The first “move” by each team was often decisive:

These war games were hypothetical imaginings of extraordinary circumstances. But an election in a pandemic year with a President declaring in advance that the vote will be rigged are extraordinary circumstances. “One big takeaway is that leaders really need to know what exactly their powers are, and what the powers of others are, and think through some of these options in advance,” Rosa Brooks, a law professor at Georgetown University who helped convene the Transition Integrity Project, told me recently. “Because if things go bad, they’ll go bad very quickly, and people will have to make decisions in an hour, not in a week.”

The incumbent has the advantage in the powers department, TIP cautions, such as “the President’s ability to federalize the national guard or invoke the Insurrection Act to deploy active duty military domestically; his ability to launch investigations into opponents; and his ability to use Department of Justice and/or the intelligence agencies to cast doubt on election results or discredit his opponents …. Participants noted that additional presidential powers subject to misuse include the ability to the freeze assets of individuals and groups the president determines to be a threat, and his ability to restrict internet communications in the name of national security.”

The Biden campaign might attempt to organize mass protests to demonstrate public commitment to “legitimate” process, but more likely activists groups would do this independently of the Democratic Party — harder to organize and coordinate should the internet “go down” in the wake of Nov. 3.

Voting by mail in numbers never seen means “election night” as game night “is no longer accurate and indeed is dangerous” TIP finds.

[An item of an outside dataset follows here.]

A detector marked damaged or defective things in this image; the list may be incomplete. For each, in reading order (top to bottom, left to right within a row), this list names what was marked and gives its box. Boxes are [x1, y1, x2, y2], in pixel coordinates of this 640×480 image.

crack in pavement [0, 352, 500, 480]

But delays in absentee/by-mail vote-counting, counting errors, ballot rejection rates, legal and street battles are not the only risks.

There are other nightmare scenarios beside Portland or Lafayette Square-style deployment of a camouflaged Praetorian Guard to seize ballot boxes in Broward or Milwaukee or Maricopa Counties. In a close contest, delaying certification of enough electoral votes into mid-December could throw the final decision to the House of Representatives where Republicans are in the minority, but where voting is not by member but by delegation. States get one vote each for one of the top three contenders. Republicans control the majority of House delegations.

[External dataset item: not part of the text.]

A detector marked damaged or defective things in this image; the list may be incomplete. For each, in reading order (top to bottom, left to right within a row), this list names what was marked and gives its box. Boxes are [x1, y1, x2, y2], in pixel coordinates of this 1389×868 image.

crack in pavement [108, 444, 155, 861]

Republicans ended up with Trump, Stevens says, through inability to imagine Trump. “So the other 15 candidates running all killed each other to try to get one-on-one with Trump,” he says, “because obviously Republicans weren’t going to nominate a failed casino owner, a maxed-out donor to Anthony Weiner, who talked about having sex with his daughter. Are you crazy?” But they did, and here we are.

What you think cannot happen has happened with regularity over the last few years. Trump won. He separated families at the border and put children in cages. He declared a national emergency on the southern border in February 2019 and diverted Pentagon funds for building his border wall. Wasn’t that illegal? Yes. But he doesn’t care. The Supreme Court let him spend the money while litigating the case. By the time a court ruled the move unconstitutional in June 2020, it was a fait accompli.

Imagine Trump. Hope for the best but plan for the worst. Vote as if the fate of the republic depends on it.